## INFORMATION PROVIDED
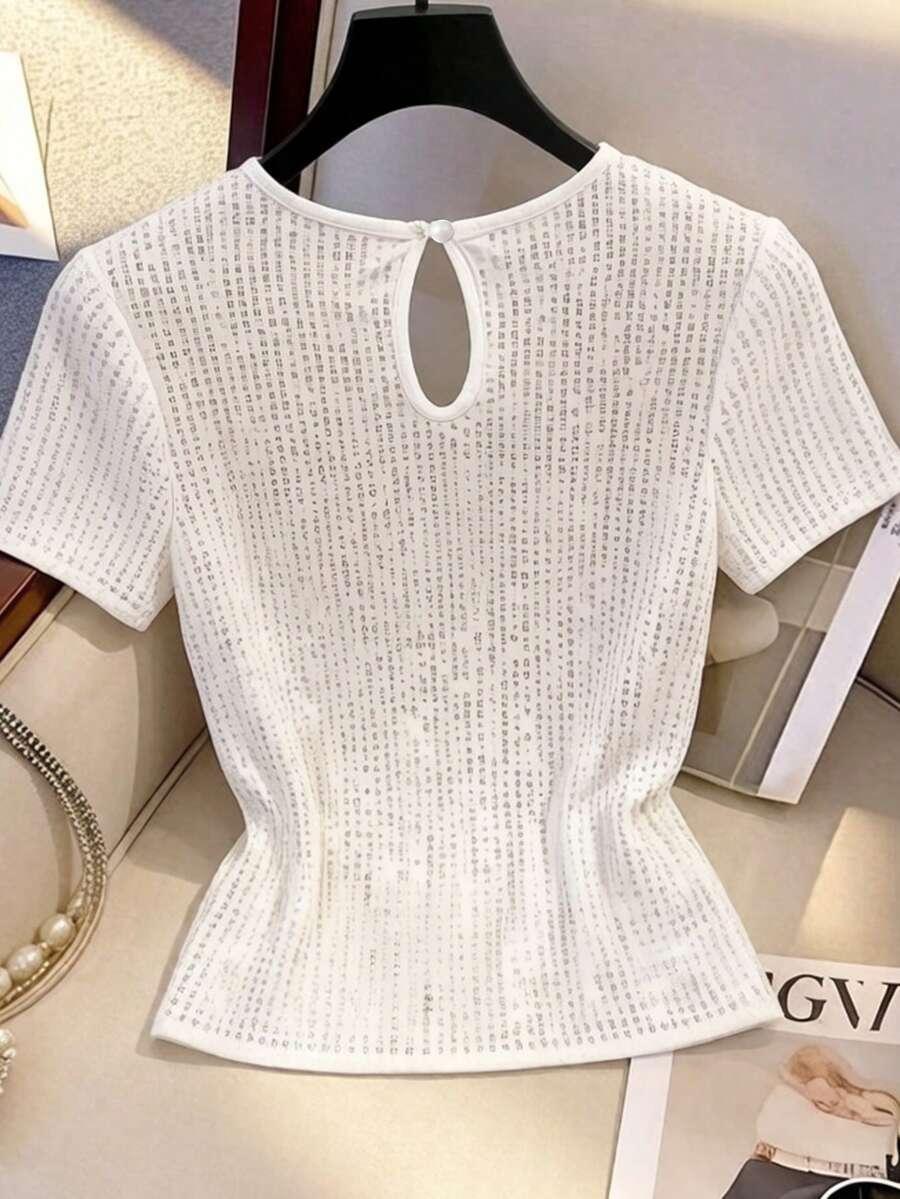 GLOWEVE CURVE BIAŁA BLUZKA CEKINY S06__52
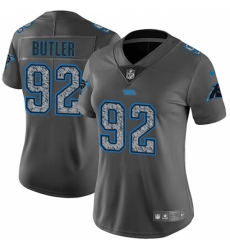 Women's Nike Carolina Panthers #92 Vernon Butler Gray Static Vapor Untouchable Limited NFL Jersey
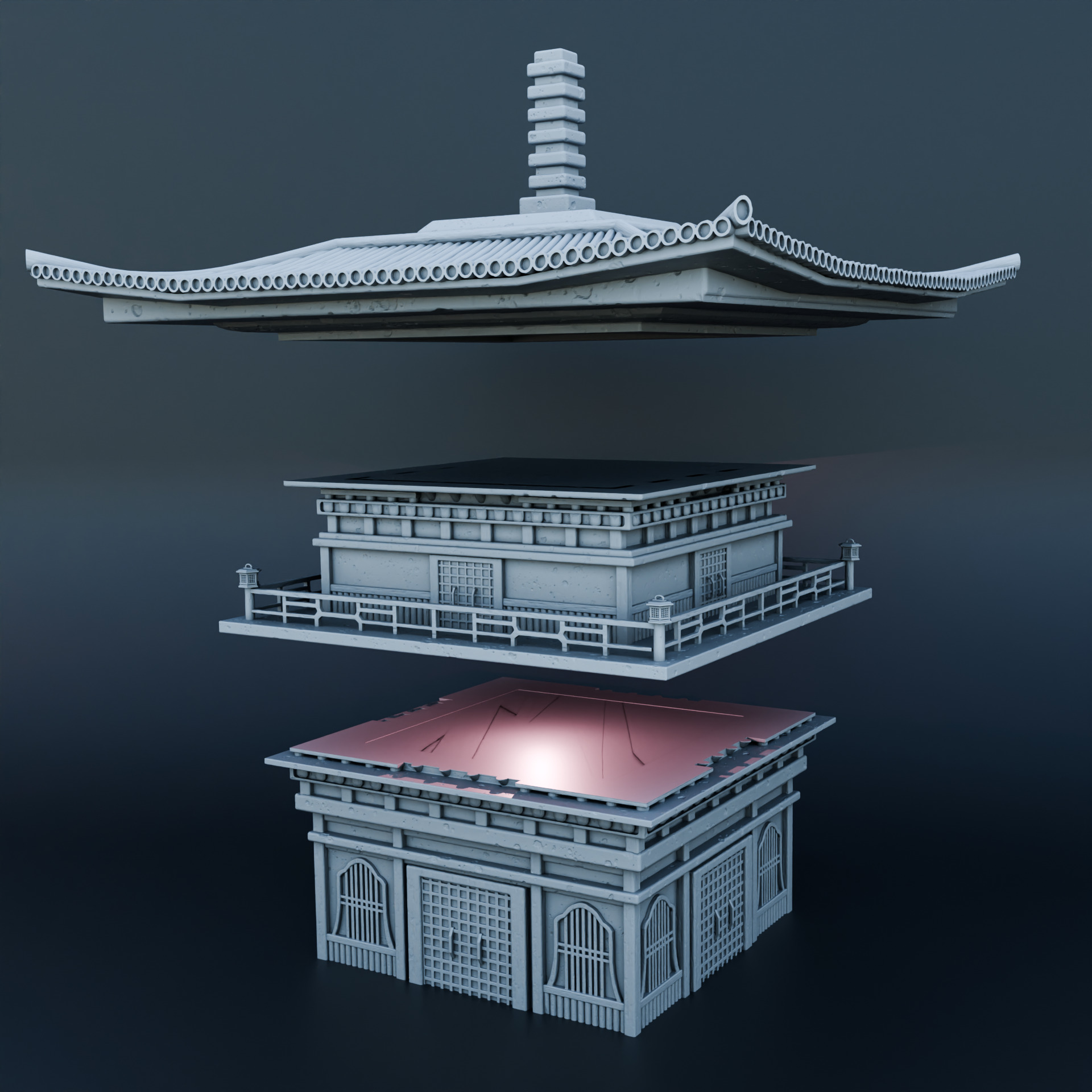 Japanese house 3D print model_1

## EXERCISE REQUIREMENTS
The whole listing above needs to be copied exactly; please keep the pictures out.

## RESULT OF THIS TASK
 GLOWEVE CURVE BIAŁA BLUZKA CEKINY S06__52
 Women's Nike Carolina Panthers #92 Vernon Butler Gray Static Vapor Untouchable Limited NFL Jersey
 Japanese house 3D print model_1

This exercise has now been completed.